Augustinus Hipponensis

Sed si subtiliter veritas ipsa requiratur,

hoc quod inter se contrarium sonuit,

quomodo contrarium non sit, invenitur

(S. Gregorio Magno, Homilia 7 in Evang., n. 1)

 

Según algunos puntos de vista, Joseph Ratzinger-Benedicto XVI, con su acto voluntario de renuncia, se habría puesto voluntariamente en condición de auto-impedimento de la sede y esto con el objetivo de “cismar” -se utiliza precisamente este término- a los herejes y a los opositores de su gobierno.

El interrogante que se plantea es si este plan, así concebido, puede definirse como católico. Lo dudamos. Para quienes apoyan esta línea de interpretación, sin embargo, esto habría sucedido, ya que Benedicto XVI habría actuado en el ámbito de una amplia restricción mental, un modo de acción que, se afirma, sería admitido por la teología moral.

Vayamos en orden.

En honor a la verdad, no parece posible aplicar al difunto papa Benedicto las categorías moralistas de la restricción mental amplia.

Para comprender de qué se trata, debemos recordar que la restricción mental se verifica cuando, al comunicar algo, se restringe el significado de las palabras que se pronuncian para darle otro sentido, que así no sería tan obvio. En este caso, si no hay circunstancias externas que ayuden al oyente o lector a comprender el significado diferente de las palabras que se escuchan o se leen, se caería en un fenómeno de estricta restricción mental también conocido como restricción puramente mental. Si, por ejemplo, uno dijera que ha visto a una persona y no había ninguna circunstancia externa (por ejemplo, un retrato), que le permitiera entender que había visto a esa persona sólo en un retrato y no físicamente, esa afirmación simplemente sería simplemente mendaz y, en consecuencia, inmoral.

Sin embargo, también hay otro tipo de restricción mental: la amplia. Su finalidad intrínseca no sería inducir al error, es decir, hacer creer lo falso, sino ocultar la verdad en los casos en que esta verdad no debería manifestarse, por ejemplo, para salvar vidas humanas.

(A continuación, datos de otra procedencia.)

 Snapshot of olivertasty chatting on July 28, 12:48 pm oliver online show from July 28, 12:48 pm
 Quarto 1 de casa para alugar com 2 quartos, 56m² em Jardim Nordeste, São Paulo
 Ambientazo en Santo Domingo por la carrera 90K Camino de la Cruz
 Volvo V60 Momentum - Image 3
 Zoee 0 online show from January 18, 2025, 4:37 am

Pero la restrictio late mentalis con la intención de ocultar la verdad no es licita sin más y sin límites: ciertamente, con ciertas condiciones, una parte de la verdad puede ser silenciada, apelando al principio de que no siempre es obligatorio decirla positivamente, equilibrando así las exigencias de la justicia con las de la verdad, pero con la misma certeza nunca se la puede negar. Sin embargo, los moralistas serios -los probati auctores– ya habían puesto las cosas en claro, explicando que si callar la verdad distorsiona el sentido de lo que se dice y conduce a un error grave, ya no sería una omisión de la verdad sino una comisión de la falsedad… Esto debe quedar muy claro.

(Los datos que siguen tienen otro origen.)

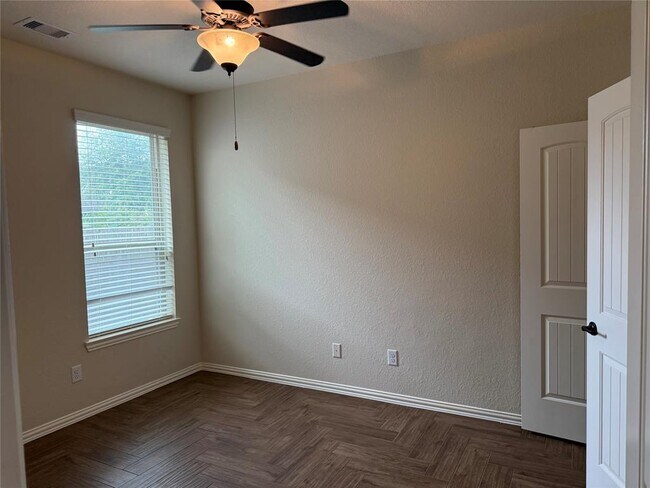 Building Photo - 9419 Hawks Harbor Ct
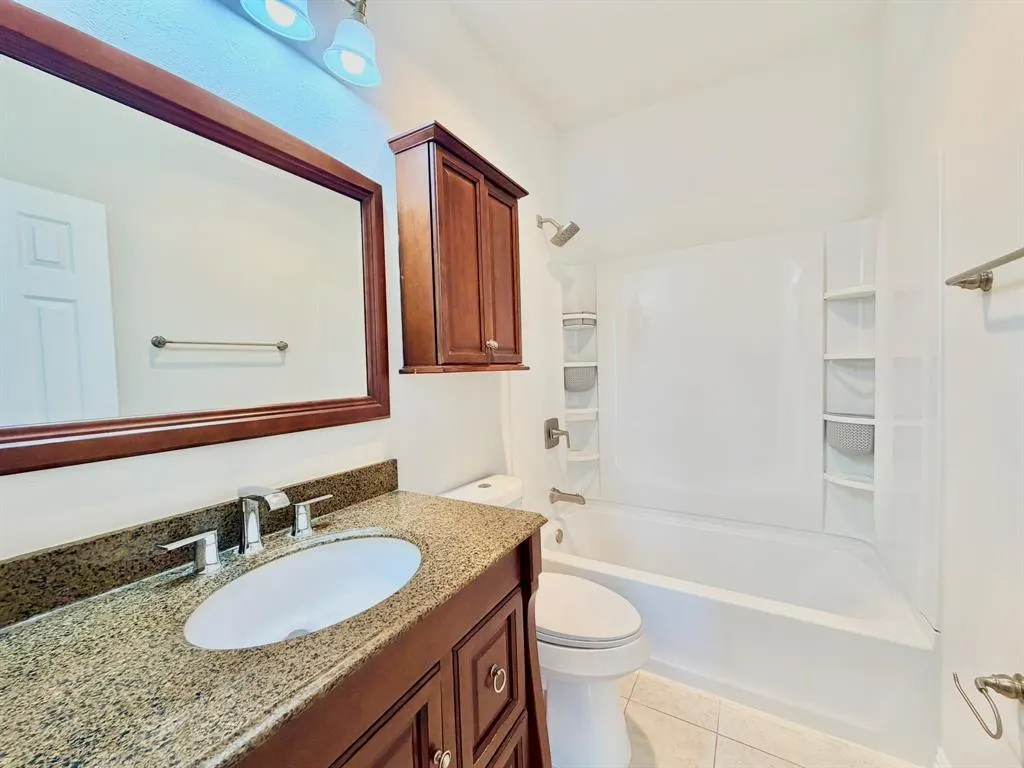 2164 Tanglewood Boulevard #B201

¿Cuáles serían entonces las condiciones para una restricción mental amplia? Se requiere que ocultar la verdad sea necesario, o al menos muy útil, y no hay otro medio disponible que éste. Éstas son las condiciones para que se considere moralmente lícito este modo de acción, que, en todo caso, debe considerarse no un medio ordinario, sino excepcional, en vista de un fin superior, considerado obligado o, al menos, útil.

La teología moral se ha preguntado muchas veces sobre la casuística y la legalidad moral de este modo de acción, prácticamente desde la época de San Agustín, y en particular sobre la cuestión de si siempre y en cualquier caso es lícito decir la verdad, incluso cuando de ello se pueda derivar un grave daño para para sí mismo, pero sobre todo para los demás (por ejemplo, en tiempos de persecución).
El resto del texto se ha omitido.